In one New York school, Santa Claus is banned, any mention of Christmas is forbidden, and the Pledge of Allegiance is no longer recited.
Instead, “harvest festival” has replaced Thanksgiving, and “winter celebrations” have substituted for Christmas parties.
Why might this be, you ask? Meet Eujin Jaela Kim, the principal of PS 169 in Sunset Park, Brooklyn.
Last month, a memo from the school's assistant principal gave students a heads-up that there would be no red stockings, reindeers or carols this year.
The letter told them that instead there would be a “harvest festival instead of Thanksgiving or a winter celebration instead of a Christmas party.”
He urged staff to “be sensitive of the diversity of our families. Not all children celebrate the same holidays”.
According to the New York Post, school administrators told PTA president, Mimi Ferrer: “We definitely can’t say Christmas, nothing with Christmas on it, nothing with Santa,”
“No angels. We can’t even have a star because it can represent a religious system, like the Star of David.”
And Kim isn’t the only principal to have a problem with Christmas.

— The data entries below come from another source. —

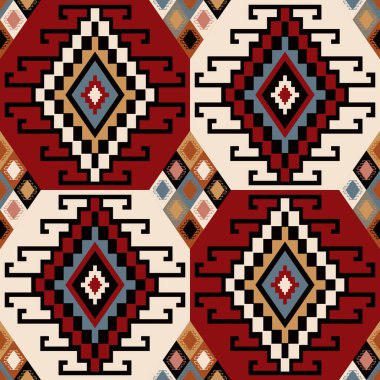 Renkli etnik geometrik desen. Vektör Aztek Kilim geometrik kare elmas şekilli kusursuz desen. Kumaş, tekstil, ev dekorasyonu unsurları, döşeme ve ambalaj için renkli Türk deseni kullanımı.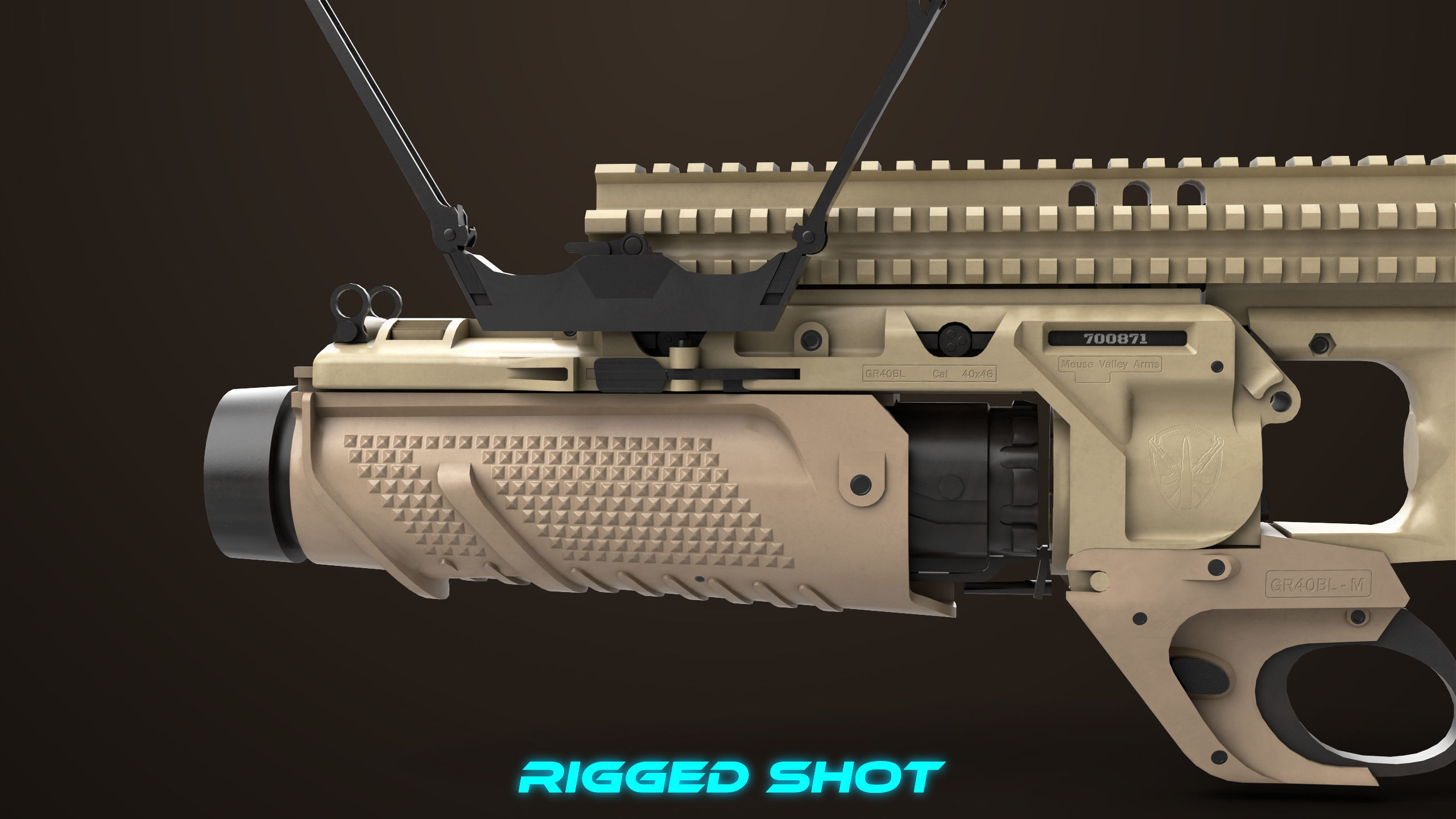 Grenade Launcher 05 Brown All PBR Unity UE Textures Low-poly 3D model_28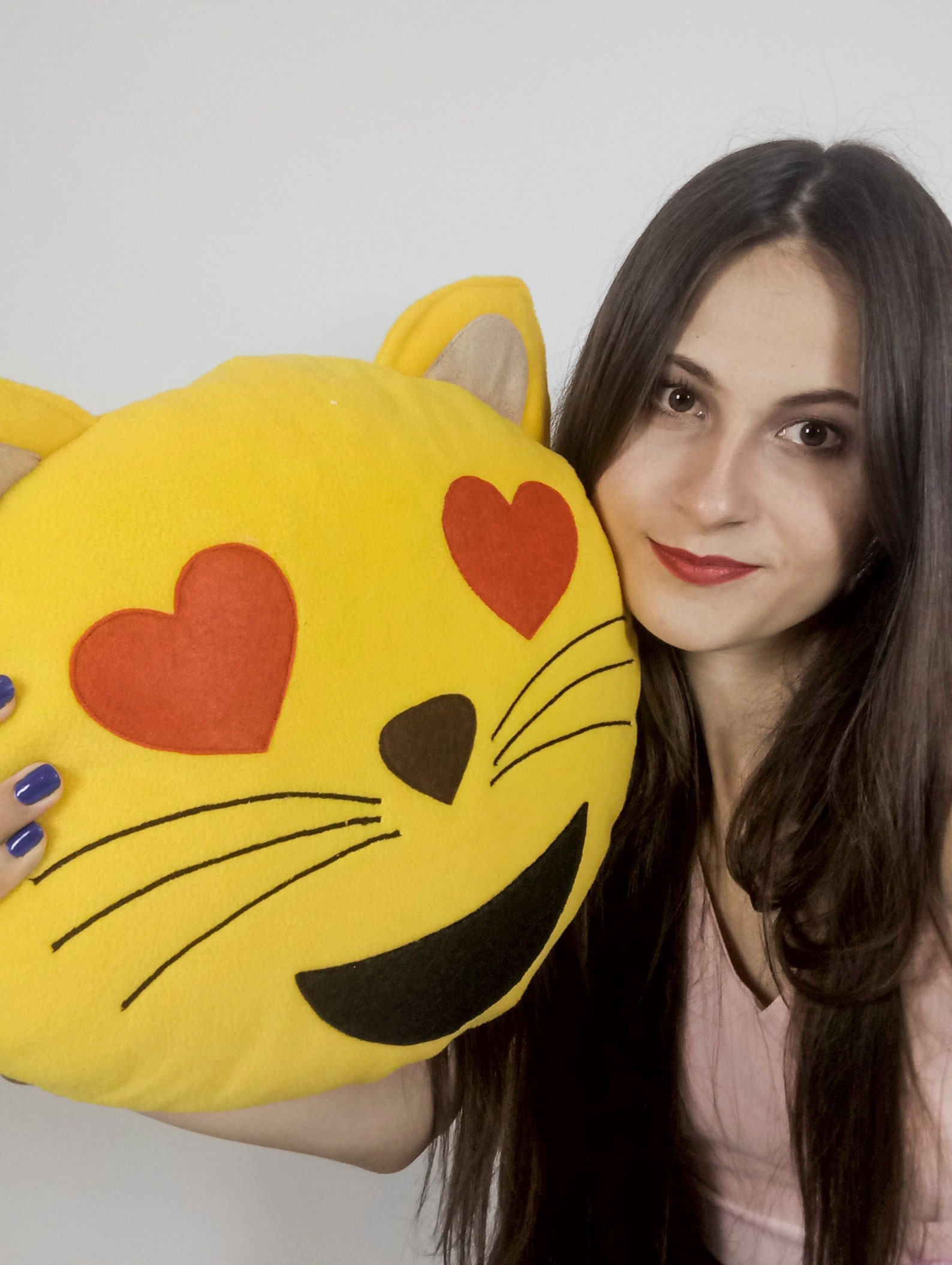 Cat Lover Emoji Pillow Valentine's Emoji Pillow Yellow Cat Pillow Kitty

In Italy, principal Marco Parma courted controversy last month by postponing the annual Christmas concert for primary school pupils until January and rebranding it a “winter concert” which will not feature any religious songs.
The head of the Garofani comprehensive school in the small town of Rozzano has also turned down two mothers who wanted to teach Christmas carols to the children during lunchbreaks.
“In a multi-ethnic environment, it causes problems,” Parma said, saying his decisions had been influenced by an unhappy experience last year.
“Last year we had a Christmas concert and some parents insisted on having carols. The Muslim children didn’t sing, they just stood there, absolutely rigid.
“It is not nice watching a child not singing, or worse, being called down from the stage by their parents.”
Parma recently resigned after his decision was openly ridiculed by the Italian Prime Minister, Matteo Renzi.